At this point an appropriate question is: “What purpose does the mystical belief in super-denumerable points have?” The mystical desire to control oneself has an obvious purpose of freedom and control, but the super-denumerable is not defensible on logical grounds. It would behoove proponents of the view to explain why we should get worked up about it. My speculation is that thinkers become frustrated with how little they end up knowing as a result of thinking, and so the motivation is for teachers of math to feel we know a lot, and be able to say what we know to students. Support for belief in super-denumerable points is that knowledge justifies itself, whether it makes sense or not. Another defense is that this type of math is part of academic culture. The reason math is so important to research is another embarrassment: that math makes sense while other cultures do not. Now, the culture of number is freed from sense and can expand and take on an inclusive attitude to other views.
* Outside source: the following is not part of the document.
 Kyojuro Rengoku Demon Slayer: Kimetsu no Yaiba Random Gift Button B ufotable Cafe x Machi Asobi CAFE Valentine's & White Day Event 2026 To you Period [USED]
Aristotle’s substance, at least one of his definitions of it, was a subject that could not be predicated. Another definition was form or essence, and form and substance are deeply connected. In searching for substance, predicates divide the subject. “The human is a man” (or “Woman”) is a division of human. Metaphor, in this view, is destructive to a search for substance. It expands words: “Humans are stars” makes a mess of things, only adding possible predicates. Unless you search for the intersection of “human” and “star”, in which case you are dividing both. Regardless, seeking knowledge of substance is a process of division- so too with a process of division of line segments. And what is the result of this infinite division, this search for substance in the excised world of pure form that is mathematics? It is merely the division itself – the point – which is what we started with when we were looking for substance. What is our point? Or is it changed into a super-denumerable point? Or some other kind of point or division of a line? What is this scalpel? Have I used it violently in searching for it?